[Record excerpts — start]

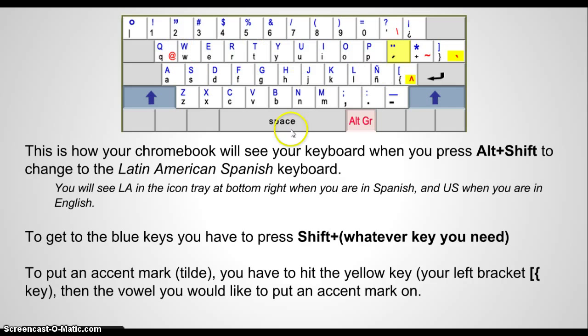Anything in red, you have to press Alt to get to those. So the arroba, the ampersand, the backslash, the tilde — those tildes there — you have to press Alt first.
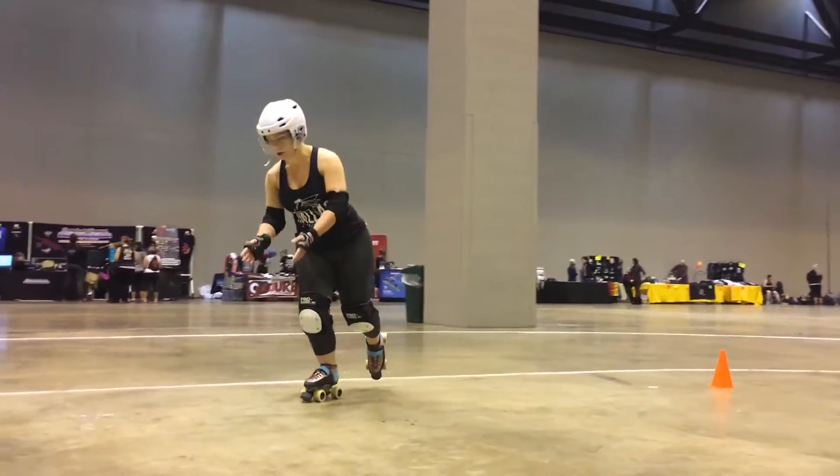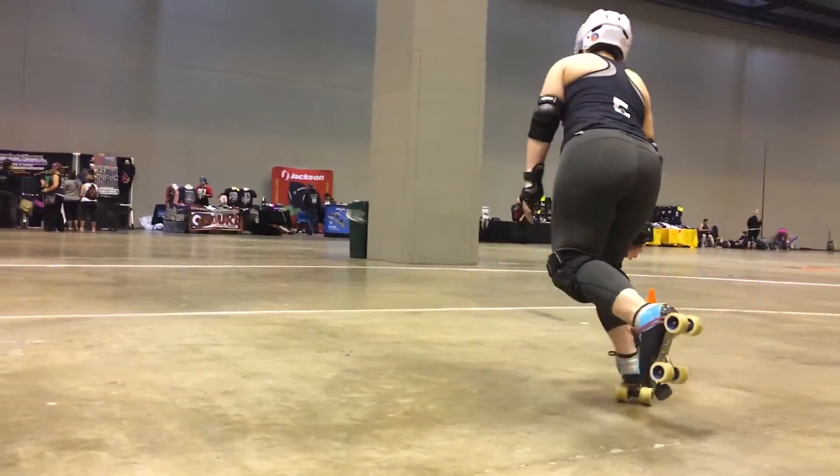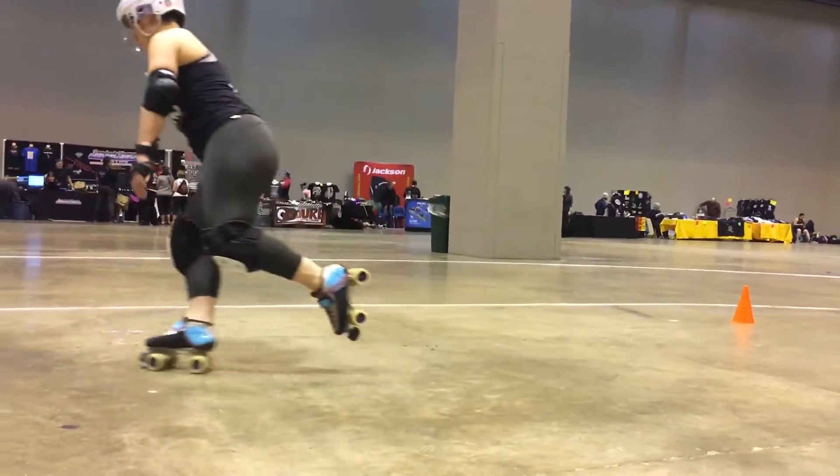So you're going forward, you shift your knee in, you're going that way. You shift your knee the other way, you're going to go the other way behind you.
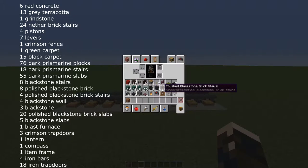Eight blackstone stairs, eight polished blackstone bricks, four polished blackstone brick stairs, four blackstone wall, three pieces of blackstone, 20 polished blackstone brick slabs, five blackstone slabs, one blast furnace, three crimson trapdoors, one lantern, one compass, one item frame, four iron bars, 18 iron trapdoors, and a waste block of your choice.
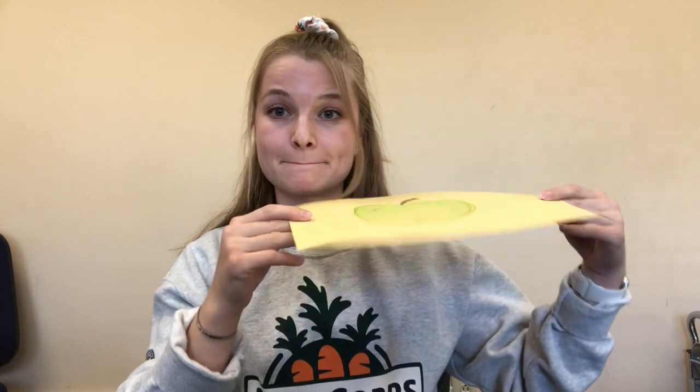Your teacher is going to be the pollinator. In this situation, they're going to be a bee. The bee is going to fly around the class and land on different flowers and pollinate them. So as you're holding up your flowers, if your teacher calls your name, you've been pollinated and you can turn into a fruit. We're going to do this until the whole class has turned into their fruit or vegetable.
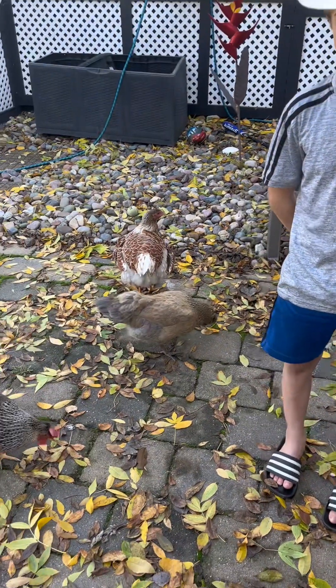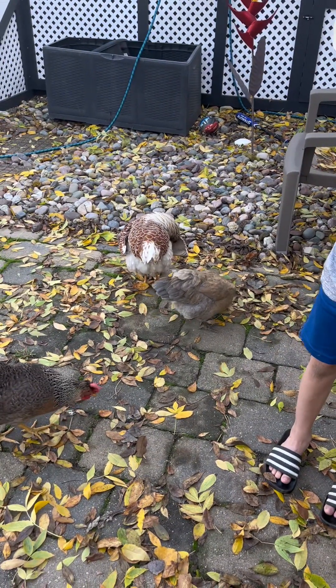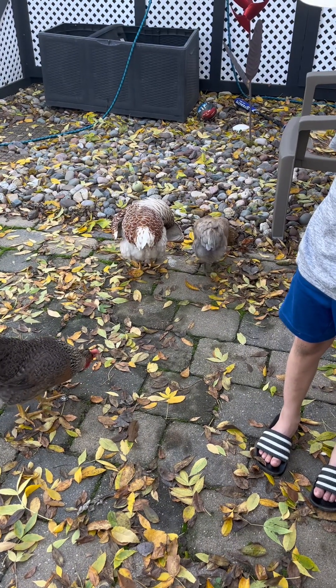We recommend that you get multiple poop samples from the chickens — you can also do this on your dog or cat. Just make sure you have a fresh sample.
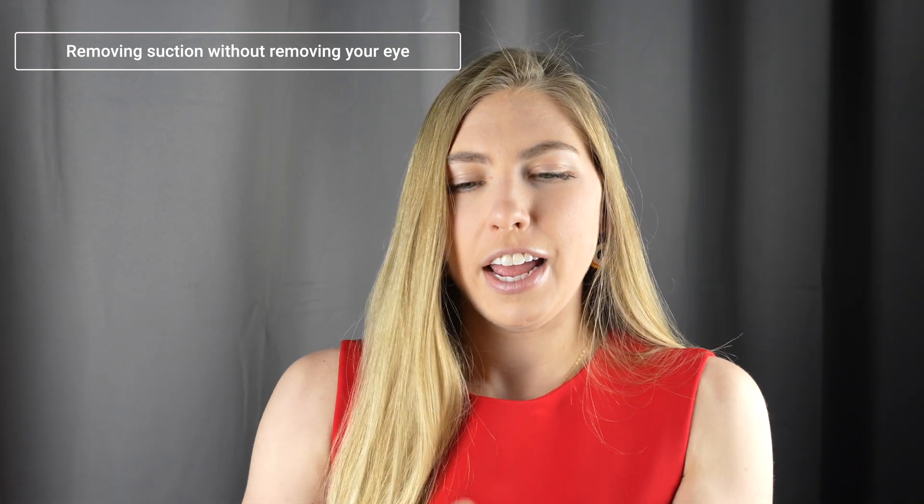That's why for removal we use this smaller plunger, and the larger one is usually just used for insertion. So now you know! If you have any other eye questions, let me know.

[Record excerpts — finish]

Exercise description:
Write the records out again exactly as shown above, keeping no pictures.

Task output:
Anything in red, you have to press Alt to get to those. So the arroba, the ampersand, the backslash, the tilde — those tildes there — you have to press Alt first.
So you're going forward, you shift your knee in, you're going that way. You shift your knee the other way, you're going to go the other way behind you.
Eight blackstone stairs, eight polished blackstone bricks, four polished blackstone brick stairs, four blackstone wall, three pieces of blackstone, 20 polished blackstone brick slabs, five blackstone slabs, one blast furnace, three crimson trapdoors, one lantern, one compass, one item frame, four iron bars, 18 iron trapdoors, and a waste block of your choice.
Your teacher is going to be the pollinator. In this situation, they're going to be a bee. The bee is going to fly around the class and land on different flowers and pollinate them. So as you're holding up your flowers, if your teacher calls your name, you've been pollinated and you can turn into a fruit. We're going to do this until the whole class has turned into their fruit or vegetable.
We recommend that you get multiple poop samples from the chickens — you can also do this on your dog or cat. Just make sure you have a fresh sample.
That's why for removal we use this smaller plunger, and the larger one is usually just used for insertion. So now you know! If you have any other eye questions, let me know.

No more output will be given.